Suhu udara dan air meningkat tajam, sedangkan keasaman (pH) air semakin tinggi. Limbah minyak hasil tambang menggenang di mana-mana, meresap ke air tanah dan sungai-sungai di sekitarnya. Kondisi itu tidak memungkinkan untuk keberlangsungan kehidupan satwa.
Berdasarkan pantauan Kompas, tidak tampak lagi ikan di Sungai Danau Merah yang bermuara ke Sungai Tembesi dan Batanghari. Air sungai tersier itu berminyak pekat dengan warna coklat kemerahan.
Burung dan serangga tidak tampak lagi di antara tanaman. Sebagian tanaman karet dan sawit mati di Desa Pompa Air dan Bungku yang menjadi pusat aktivitas tambang ilegal.
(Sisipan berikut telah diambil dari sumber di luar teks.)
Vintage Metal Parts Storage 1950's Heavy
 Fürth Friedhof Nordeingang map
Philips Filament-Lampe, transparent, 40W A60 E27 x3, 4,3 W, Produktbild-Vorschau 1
”Pencemaran lingkungan sangat mengerikan. Dampaknya, satwa-satwa mati,” kata Parlaungan Nasution, Kepala Dinas Lingkungan Hidup Kabupaten Batanghari.
Aktivitas tambang liar di wilayah itu tidak terkendali. Minyak hasil tambang kerap menyembur ke permukaan tanah. Di situ para pekerja mengumpulkan minyak ke dalam jeriken dan ember. Limbahnya bercampur lumpur, meresap ke dalam tanah dan mengalir ke sungai.
Berdasarkan hasil survei yang dilaporkan Pemerintah Kabupaten Batanghari pada Januari, sumur-sumur warga tercemar. Air sumur didapati ber-pH 5, tidak layak konsumsi karena terlalu asam.
Suhu di bawah permukaan Sungai Danau Merah mencapai 36 derajat celsius, tidak memungkinkan satwa air bertahan hidup. Suhu air lebih tinggi dibandingkan dengan suhu udara. Hal itu akibat cemaran minyak di air sungai.
Akibat aktivitas pengeboran minyak itu, tingkat kebisingan mencapai 63,93 desibel, melampaui ambang batas yang bisa ditoleransi, yakni 55 desibel. Tingkat kelembaban udara pun mencapai 68,02 persen, di atas ambang batas 40-60 persen.